I found this book helpful - "Rebuilding When Your Relationship Ends" by Bruce Fisher. It discusses the different phases and steps for recovery so you can understand what part of the process you are in and ways to move to the next stage.


----------



## Mtts (Apr 16, 2012)

For letting go of hate, I know for me what needs to be done but I can't yet. I need it to fuel part of my self recovery and partly to get it out so it doesnt hang around later.

Letting go is as simple as realizing, although uncomfrotable as it is, that your ex was simply just one person. Unfortunately time and investment tells you that you should have fond, long lasting memories of them. Truth is though, they are just one person you are compatible with in an ocean of potential partners. In a way it's probably the way many waywards think, except you are thinking about it when it's appropriate, after things are over. 

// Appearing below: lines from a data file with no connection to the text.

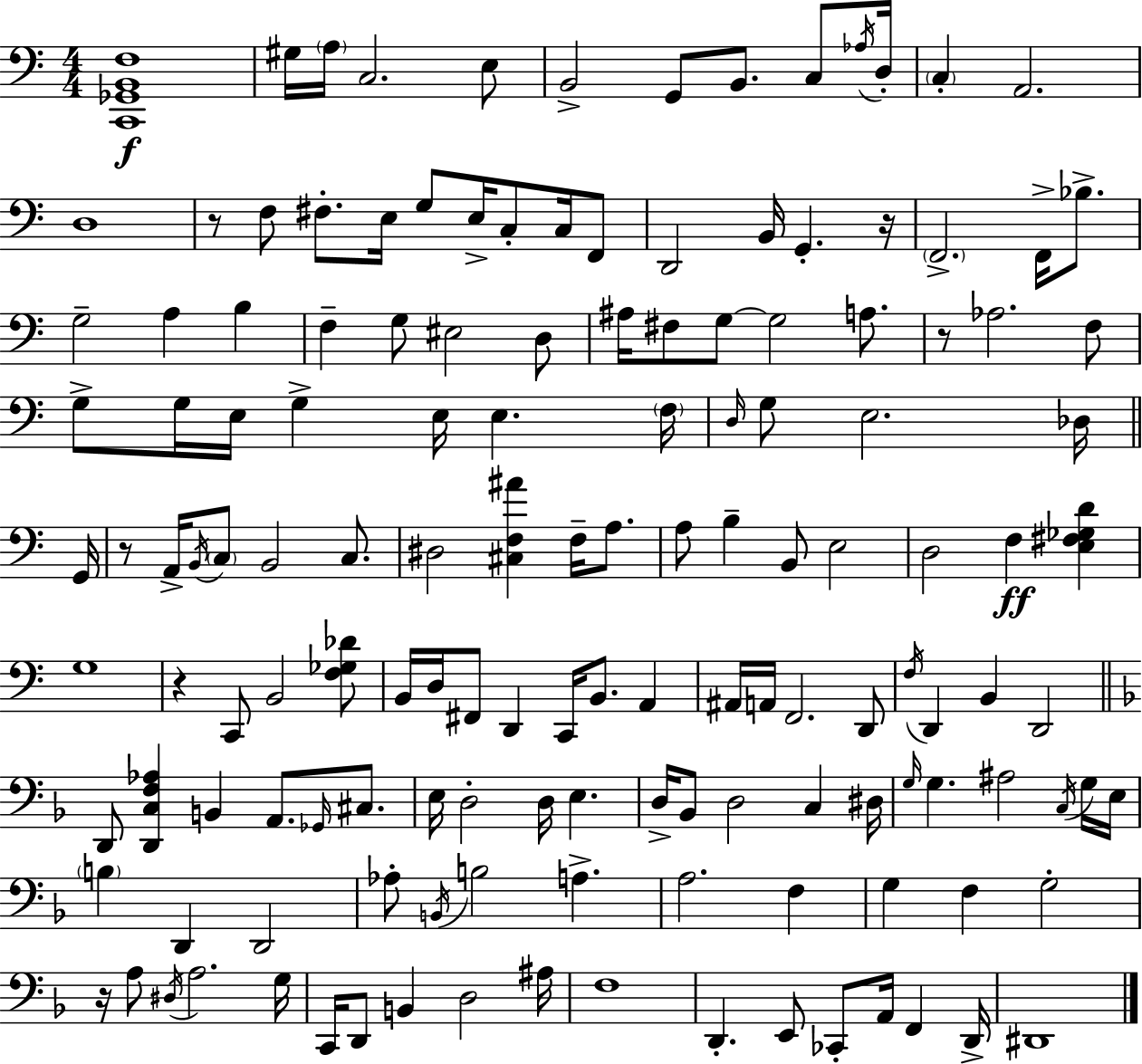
X:1
T:Untitled
M:4/4
L:1/4
K:C
[C,,_G,,B,,F,]4 ^G,/4 A,/4 C,2 E,/2 B,,2 G,,/2 B,,/2 C,/2 _A,/4 D,/4 C, A,,2 D,4 z/2 F,/2 ^F,/2 E,/4 G,/2 E,/4 C,/2 C,/4 F,,/2 D,,2 B,,/4 G,, z/4 F,,2 F,,/4 _B,/2 G,2 A, B, F, G,/2 ^E,2 D,/2 ^A,/4 ^F,/2 G,/2 G,2 A,/2 z/2 _A,2 F,/2 G,/2 G,/4 E,/4 G, E,/4 E, F,/4 D,/4 G,/2 E,2 _D,/4 G,,/4 z/2 A,,/4 B,,/4 C,/2 B,,2 C,/2 ^D,2 [^C,F,^A] F,/4 A,/2 A,/2 B, B,,/2 E,2 D,2 F, [E,^F,_G,D] G,4 z C,,/2 B,,2 [F,_G,_D]/2 B,,/4 D,/4 ^F,,/2 D,, C,,/4 B,,/2 A,, ^A,,/4 A,,/4 F,,2 D,,/2 F,/4 D,, B,, D,,2 D,,/2 [D,,C,F,_A,] B,, A,,/2 _G,,/4 ^C,/2 E,/4 D,2 D,/4 E, D,/4 _B,,/2 D,2 C, ^D,/4 G,/4 G, ^A,2 C,/4 G,/4 E,/4 B, D,, D,,2 _A,/2 B,,/4 B,2 A, A,2 F, G, F, G,2 z/4 A,/2 ^D,/4 A,2 G,/4 C,,/4 D,,/2 B,, D,2 ^A,/4 F,4 D,, E,,/2 _C,,/2 A,,/4 F,, D,,/4 ^D,,4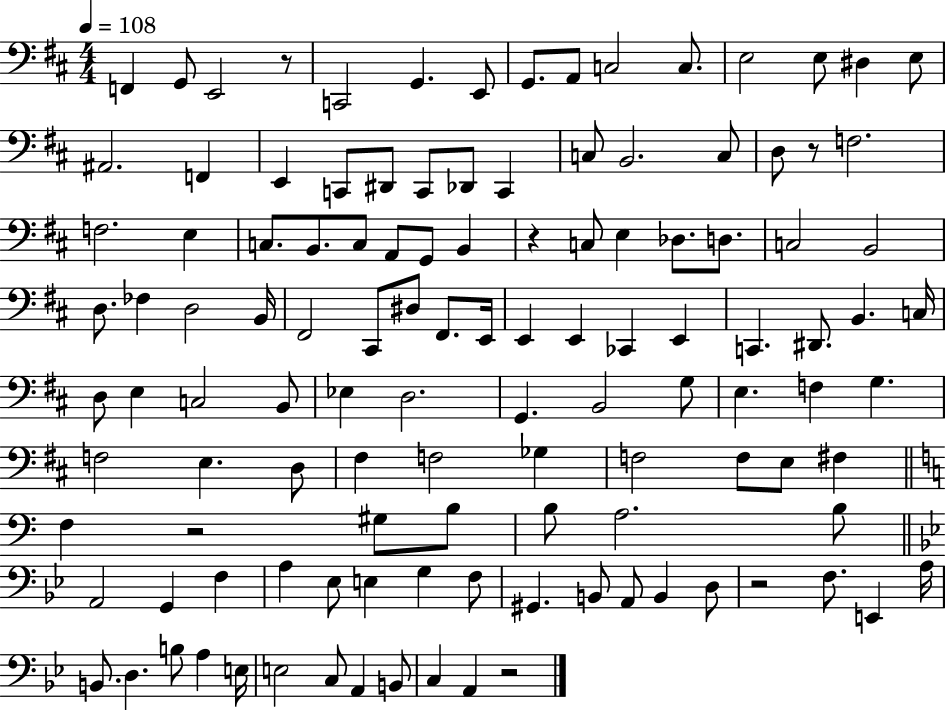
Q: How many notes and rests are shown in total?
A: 119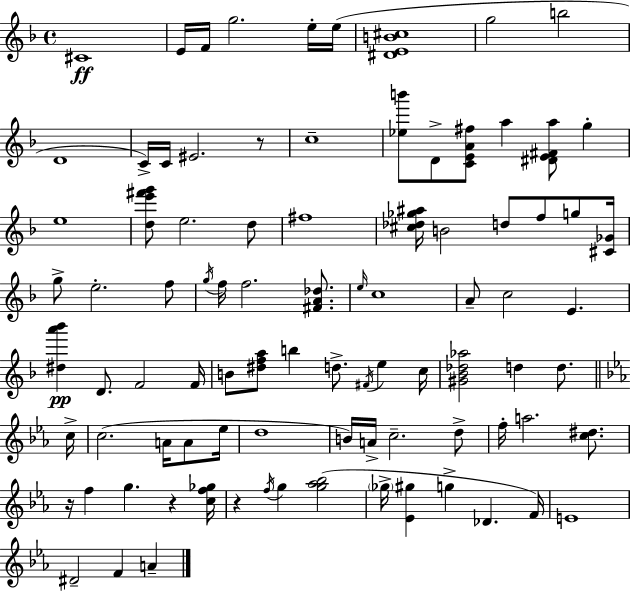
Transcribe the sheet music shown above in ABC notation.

X:1
T:Untitled
M:4/4
L:1/4
K:F
^C4 E/4 F/4 g2 e/4 e/4 [^DEB^c]4 g2 b2 D4 C/4 C/4 ^E2 z/2 c4 [_eb']/2 D/2 [CEA^f]/2 a [^DE^Fa]/2 g e4 [de'^f'g']/2 e2 d/2 ^f4 [^c_d_g^a]/4 B2 d/2 f/2 g/2 [^C_G]/4 g/2 e2 f/2 g/4 f/4 f2 [^FA_d]/2 e/4 c4 A/2 c2 E [^da'_b'] D/2 F2 F/4 B/2 [^dfa]/2 b d/2 ^F/4 e c/4 [^G_B_d_a]2 d d/2 c/4 c2 A/4 A/2 _e/4 d4 B/4 A/4 c2 d/2 f/4 a2 [c^d]/2 z/4 f g z [cf_g]/4 z f/4 g [g_a_b]2 _g/4 [_E^g] g _D F/4 E4 ^D2 F A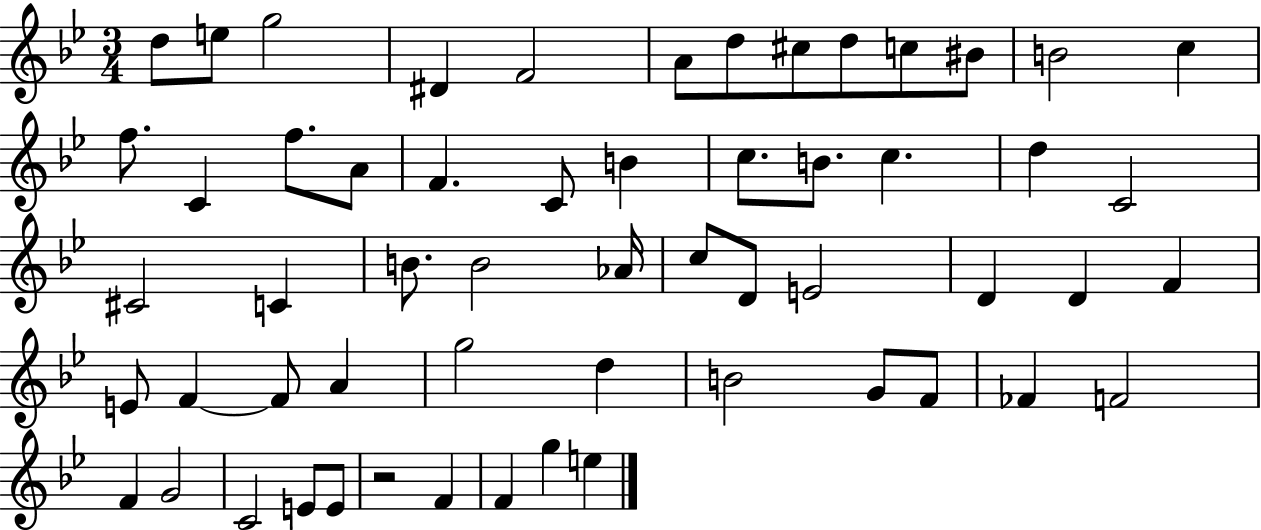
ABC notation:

X:1
T:Untitled
M:3/4
L:1/4
K:Bb
d/2 e/2 g2 ^D F2 A/2 d/2 ^c/2 d/2 c/2 ^B/2 B2 c f/2 C f/2 A/2 F C/2 B c/2 B/2 c d C2 ^C2 C B/2 B2 _A/4 c/2 D/2 E2 D D F E/2 F F/2 A g2 d B2 G/2 F/2 _F F2 F G2 C2 E/2 E/2 z2 F F g e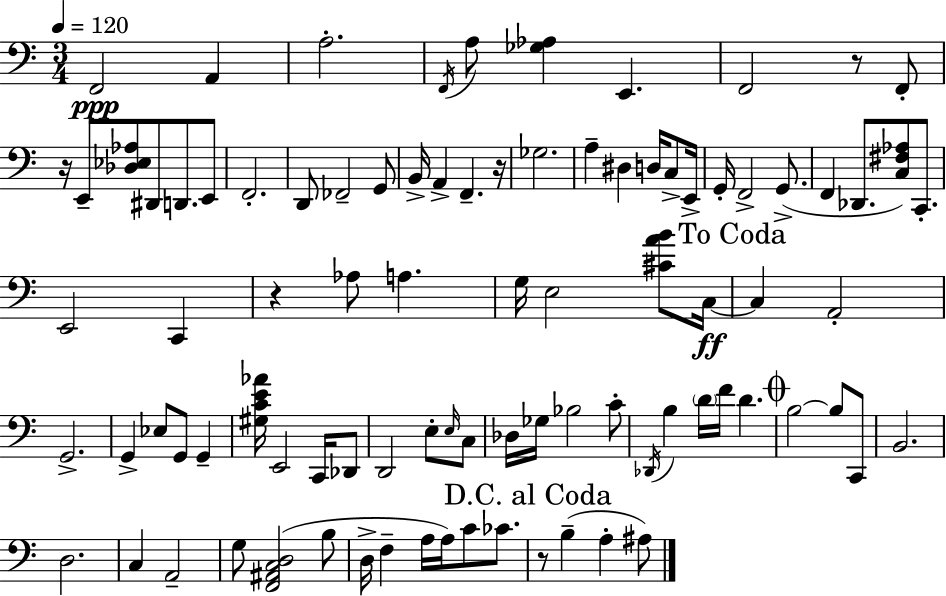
{
  \clef bass
  \numericTimeSignature
  \time 3/4
  \key c \major
  \tempo 4 = 120
  f,2\ppp a,4 | a2.-. | \acciaccatura { f,16 } a8 <ges aes>4 e,4. | f,2 r8 f,8-. | \break r16 e,8-- <des ees aes>8 dis,8 d,8. e,8 | f,2.-. | d,8 fes,2-- g,8 | b,16-> a,4-> f,4.-- | \break r16 ges2. | a4-- dis4 d16 c8-> | e,16-> g,16-. f,2-> g,8.->( | f,4 des,8. <c fis aes>8) c,8.-. | \break e,2 c,4 | r4 aes8 a4. | g16 e2 <cis' a' b'>8 | c16~~\ff \mark "To Coda" c4 a,2-. | \break g,2.-> | g,4-> ees8 g,8 g,4-- | <gis c' e' aes'>16 e,2 c,16 des,8 | d,2 e8-. \grace { e16 } | \break c8 des16 ges16 bes2 | c'8-. \acciaccatura { des,16 } b4 \parenthesize d'16 f'16 d'4. | \mark \markup { \musicglyph "scripts.coda" } b2~~ b8 | c,8 b,2. | \break d2. | c4 a,2-- | g8 <f, ais, c d>2( | b8 d16-> f4-- a16 a16) c'8 | \break ces'8. \mark "D.C. al Coda" r8 b4--( a4-. | ais8) \bar "|."
}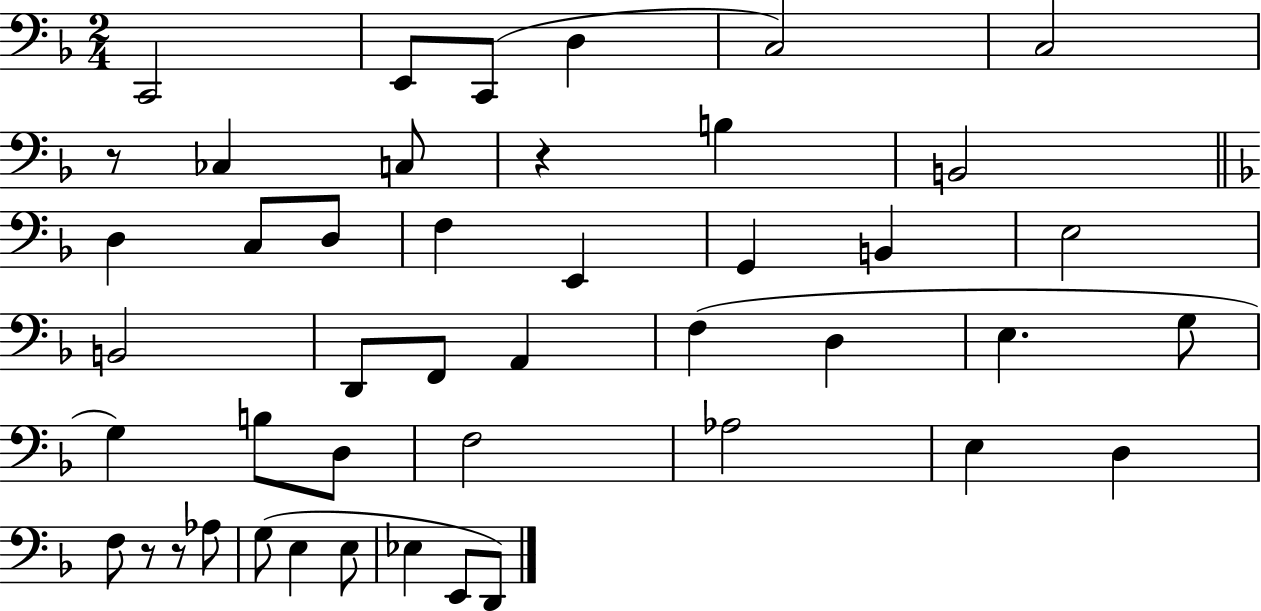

So moving on without hate is realizing that in some way, you've been given a new lease on your life. I struggle with this as I wanted my wife to share everything with me, however I've become much more self sufficient and happy since things went south. It helps that I was always able to entertain myself though. I never was much for one needing to lean on friends/family/wahtever.

Hate is healthy, and holding onto it is something you should do as long as it helps you regroup and move forward. It'll fade as it's usefulness fades. Fortunately that seems to be tied a lot of with finding yourself back in the "I'm happy being me" stage. Once you reclaim a sense of individual sufficiency you'll realize you're really not all that angry anymore.

.02


----------



## whitehawk (Aug 14, 2012)

thisSux said:


> i can give you the view from the other side of the fence, I did the leaving and I've moved on and found myself at the beginning of what may turn into something with another woman, my stbxw hasn't begun to move on because to her it's all new and raw, all my pain and anguish has occurred over the last few years of trying to give my marriage cpr, if your situation is in anyway similar then unfortunately you are both just at different stages of the process and only time can get you to the point when your ready to move on


Thanks ts. Yeah mine is damn complicated. She thought I was done 18mths ago. I wasn't though , just fkd up.
I hear what your saying though and her stage well , it wasn't there it was forced , she even admitted that.
I just wish she believed me and everything would have been ok, Instead now , my beautiful daughter is paying for mummy's ridiculous judgement . That's the part I'll never forgive her for. Not to mention the hasty om.


----------



## The-Deceived (Jan 8, 2013)

Finding a new love interest definitely helps. Also living the good life and finding your own happiness can lift some of the hate. I have my moments, but I think she's more pathetic than I have hatred for her.


----------